Is 2009 tracking a 1930 Great Depression scenario?

With more and more major economists predicting recovery sometime later this year, many have forgotten that downside risks remain.  Berner, Roubini, Volcker, Krugman and Bernanke have all come out essentially saying they would not be surprised to see a ‘technical’ recovery at some point later this year.  Robert Gordon has gone as far as to suggest we could be in recovery already – at least in the United States. I too have called for a Q4 or Q1 recovery.  So, is it off to the races?

Hardly.  I don’t have to convince many readers at Credit Writedowns or Naked Capitalism that there is a darker scenario which threatens recovery.  Many of you see this according to preliminary results from a recent poll I conducted. Nevertheless, let me use this post as a reminder of that downside scenario with some commentary from economists.  David Rosenberg is not the only major bearish economist that sees a very troubling economic outlook.

First, a post by Wolfgang Munchau in the FT reveals that much of the economic data of late has actually been disappointing despite the rally in shares and corporate bonds.

Last week, the green shoots shrivelled.
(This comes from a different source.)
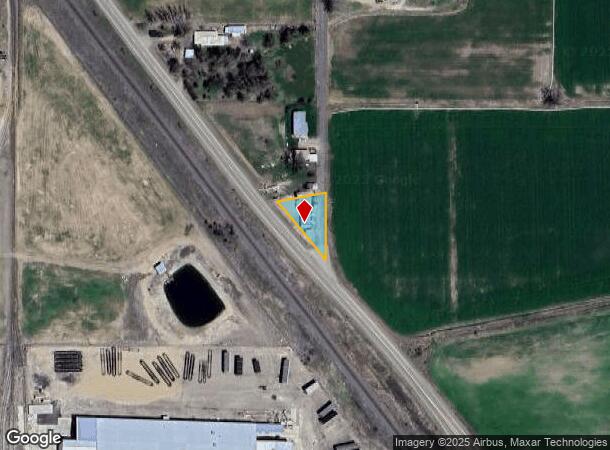  469 Day Rd, Weiser, ID Parcel Map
In South Korea, China and Germany, exports were declining once again. In the US, the Federal Reserve’s Beige Book said “economic conditions remained weak or deteriorated further during the period from mid-April through May”.

The March signs of revival turned out to be little more than a technical inventory correction, with no change in the underlying trend. The world economy is still contracting, though perhaps not quite as fast as at the start of the year.

As an analysis by economists Barry Eichengreen and Kevin O’Rourke* shows, global industrial output is still on the same trajectory as it was during 1930. The only question is whether we can avoid 1931 and 1932.

Munchau argues we can avoid a 1931 and 1932 scenario only if we see a marked change in the present policy response in major economies.  But, Munchau’s analysis makes one wonder why he finds the situation so dire for the global economy.  Why does Wolfgang Munchau think 2009 is tracking 1930?  The answer comes in the Eichengreen – O’Rourke data he references.  It is truly stunning: when one looks at statistics like industrial production, this downturn is looking as bad as the Great Depression. Here is how it is summarized at the economic site Vox.

The 6 April 2009 Vox column by Barry Eichengreen and Kevin O’Rourke shattered all Vox readership records, with 30,000 views in less than 48 hours and over 100,000 within the week. The authors will update the charts as new data emerges; this updated column is the first, presenting monthly data up to April 2009. (The updates and much more will eventually appear in a paper the authors are writing a paper for Economic Policy.)

New findings:

  • World industrial production continues to track closely the 1930s fall, with no clear signs of ‘green shoots’.
  • World stock markets have rebounded a bit since March, and world trade has stabilised, but these are still following paths far below the ones they followed in the Great Depression.
  • There are new charts for individual nations’ industrial output. The big-4 EU nations divide north-south; today’s German and British industrial output are closely tracking their rate of fall in the 1930s, while Italy and France are doing much worse.
  • The North Americans (US & Canada) continue to see their industrial output fall approximately in line with what happened in the 1929 crisis, with no clear signs of a turn around.
  • Japan’s industrial output in February was 25 percentage points lower than at the equivalent stage in the Great Depression. There was however a sharp rebound in March.

Now I happened to listen to Barry Eichengreen make his case on Tom Keene’s show at Bloomberg Radio this past Thursday.  The interview makes for interesting listening and it gives you greater granularity on his view for the global economy. I have provided the podcast clip below.  (By the way, if you don’t already subscribe to Keene’s podcast, Bloomberg on the Economy, do it.  They have great guests.  Here is the link.)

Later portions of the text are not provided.